Müslümanlar arasında ilimleri sınıflandırma girişimleri daha üçüncü/dokuzuncu yüz yılda Kindî ile başlamış, o tarihten itibaren artarak sürmüştür. Farâbî, İbn Sina, İhvan-ı Safa, Gazalî, Razî, İbn Hâldun başta olmak üzere, bir çok ilim adamı eserlerinde, ilimleri sınıflandırmaya yer vermişlerdir. Çeşitli ilimler geliştikçe, ilimlerin sınıflandırılması ve ilimlerin tek tek tanımlanması için ayrıca eserler yazma geleneği de hız kazanmıştır. Razî, daha altınca asırda, altmış ilmi ele alarak tanımlamıştır. Daha sonra Taşköprüzade'nin Miftahu's- saade ve Misbahu's- Siyade'si (ki, oğlu Kemaleddin Efendi tarafından, Mevzuâtu'l- ‘Ulûm adıyla tercüme edilmiştir), Katip Çelebî'nin Keşfu'z- Zunûn'u ve İbn Hâldun'un Mukaddimesi ile ilimlerin tanım ve sınıflandırılması âdeta zirveleşmiştir. Yapılan ilk sınıflandırmalarda bulunmasa bile, çok geçmeden Tasavvufun da bir İslamî ilim olduğu belirtilmiştir. Nitekim hicrî beşinci asırda yaşayan Gazalî, Munkiz'inde bu ilim ve metodundan övücü bir şekilde söz eder.5

Tasavvuf ilmi, yapısı gereği uzun süre gizli kalmış, ayrıca ilk dönemlerde, nisbeten fıkıh içinde veya ahlak ve zühd adıyla ele alınmıştır. Bundan ötürü, yapılan ilk ilim tasniflerinde tasavvuf adıyla şayet yer almamışsa, bu durum garipsenmemelidir.


İslâmî İlimlerin Ortaya Çıkışı

Bilindiği gibi, İslam'ın ilk dönemlerinde şer'î hükümler nesilden nesile aktarılarak öğreniliyordu. Bu noktada itikad, ibadet ve muamelat arasında fark yoktu.

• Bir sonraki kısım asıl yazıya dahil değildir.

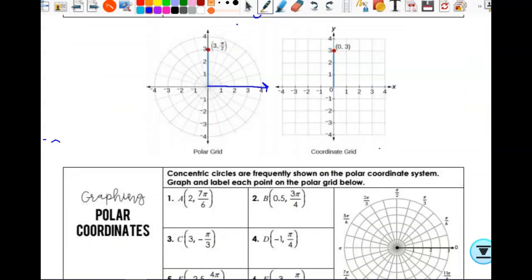These two red points are in the exact same place — if you lay the two grids on top of each other with origins aligned, those points are literally in the same spot. To get to (0, 3), you go 0 left/right and up 3. To get to (3, π/2), you go out to 3 on the polar axis and rotate to pi halves. You end up in the exact same spot.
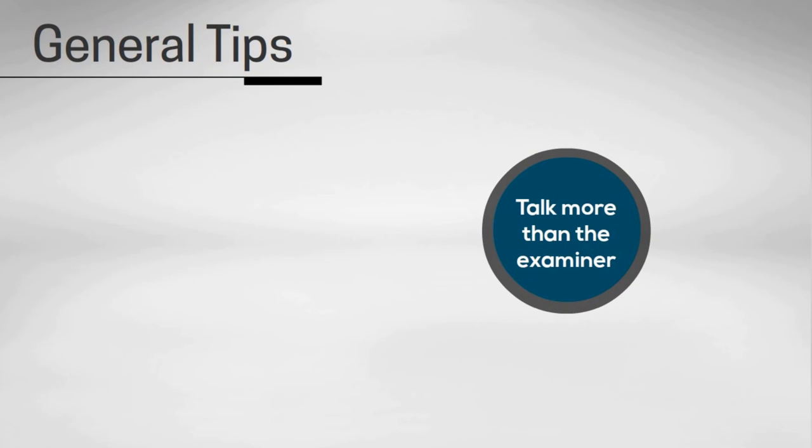Now that we've covered the format of the test, let's go over a few tips and tricks to help you focus and succeed. Tip number one is to try to talk as much as you can. This means avoiding long silences where the examiner might think you're not confident in your language abilities. A good rule of thumb is to make sure you speak more than the examiner does.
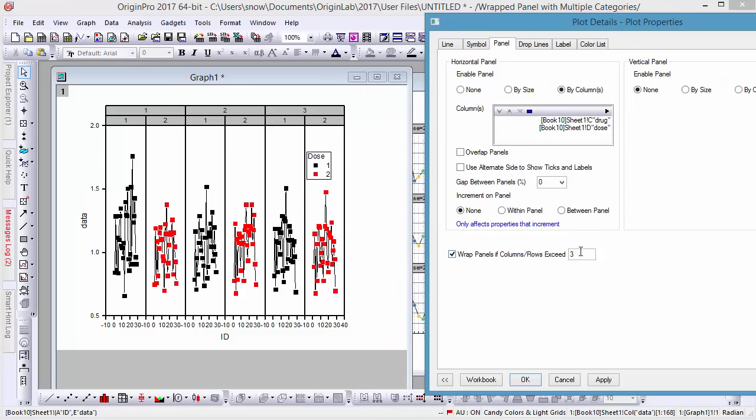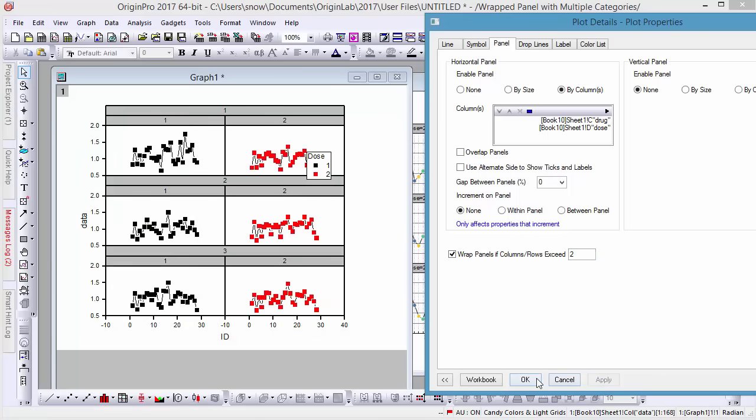Trellis plots can easily be reorganized from the plot details dialog by using the Rat Panels setting. Here we've set Rat Panels to 2, so that each drug is listed in its own row.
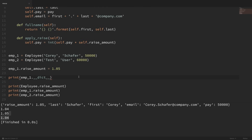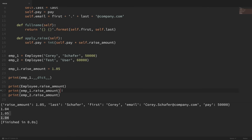That's an important concept to understand, because up here in our apply_raise method, we could get different results depending on whether we used self.raise_amount, which is the instance, or employee.raise_amount, which is the class. In this case, I'm going to leave this as self.raise_amount, because that gives us the ability to change that amount for a single instance if we really wanted to. Also, using self here will allow any subclass to override that constant if they wanted to, and we'll look at subclassing in a future video.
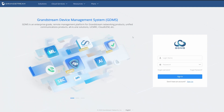Here we are at the computer. What I've done is gone to the GDMS, which is Grandstream's Device Management System. You can get to that by typing in the address, which is appearing on your screen now.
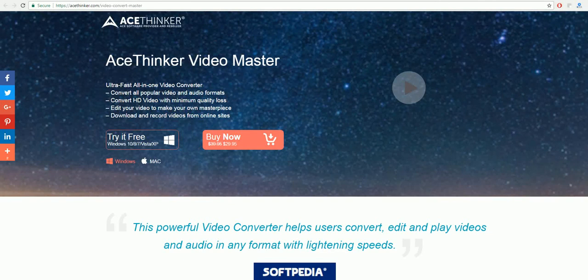Hello and welcome to a guide on how to use VideoMaster, the video converting software by AceThinker.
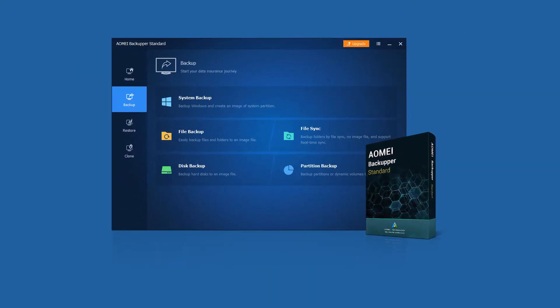AOMEI Backupper is a reliable and dedicated cloning software that is designed for Windows OS only, with which you can clone hard drives in different sizes. Here are some highlights of this software.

Ancak çok geçmeden Müslümanlar dinî konuları tartışmaya ve ilim hâlinde öğretmeye başladılar. İlmî usûllere göre araştırmalar yapıp bunları kitaplara geçirdiler. İlk ele alınan konular şer'î meseleler yani fıkıh ilminin konusu olan hususlar oldu.6 Öyle ki, bir çok Müslüman bu ilimle uğraşmayı en önemli dinî vecibelerden saymaya başladı. Bu yaklaşım tarzı, neticede içtihadın zirveleşmesinin başlıca nedeni oldu. Fıkıh kavramının ilk dönemlerde, kelam ve ilahiyat konularını da kapsayacak bir anlamda kullanıldığını unutmamak gerekir. Nitekim İmam-ı Azamın el-Fıkhu’l-Ekber adlı eseri itikadî konuları işlemektedir.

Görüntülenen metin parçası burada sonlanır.